• What is expected: Exactly as they appear, print the line with "All Aluminum 27ft" and each line after it through the end of the entries below; leave out pictures.

• Data under study:
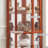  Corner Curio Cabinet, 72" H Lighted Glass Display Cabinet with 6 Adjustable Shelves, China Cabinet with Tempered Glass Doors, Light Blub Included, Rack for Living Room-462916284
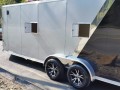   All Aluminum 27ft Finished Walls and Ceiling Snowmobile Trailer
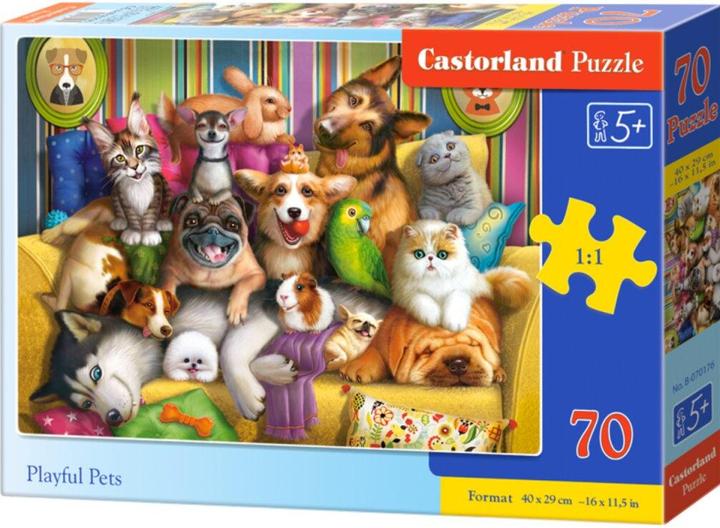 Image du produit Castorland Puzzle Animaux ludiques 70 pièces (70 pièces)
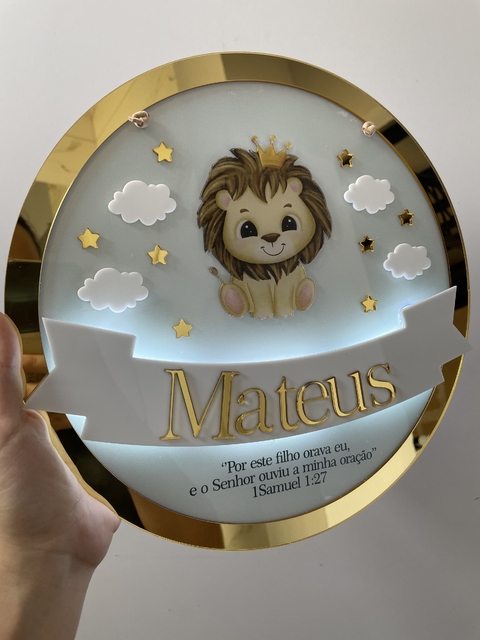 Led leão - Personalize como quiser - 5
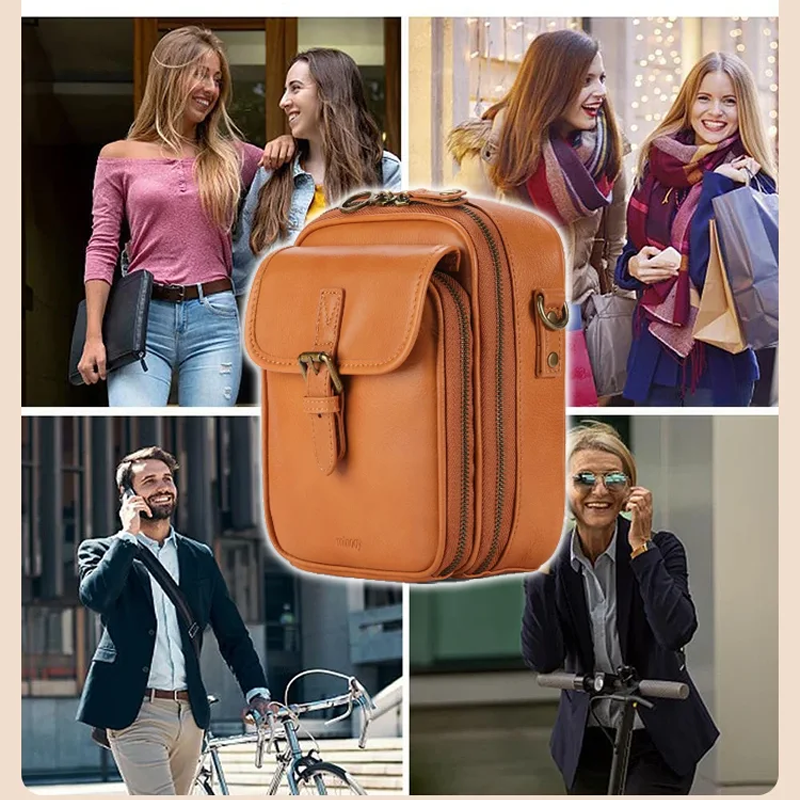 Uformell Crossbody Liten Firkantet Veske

• Reply to the task:
   All Aluminum 27ft Finished Walls and Ceiling Snowmobile Trailer
 Image du produit Castorland Puzzle Animaux ludiques 70 pièces (70 pièces)
 Led leão - Personalize como quiser - 5
 Uformell Crossbody Liten Firkantet Veske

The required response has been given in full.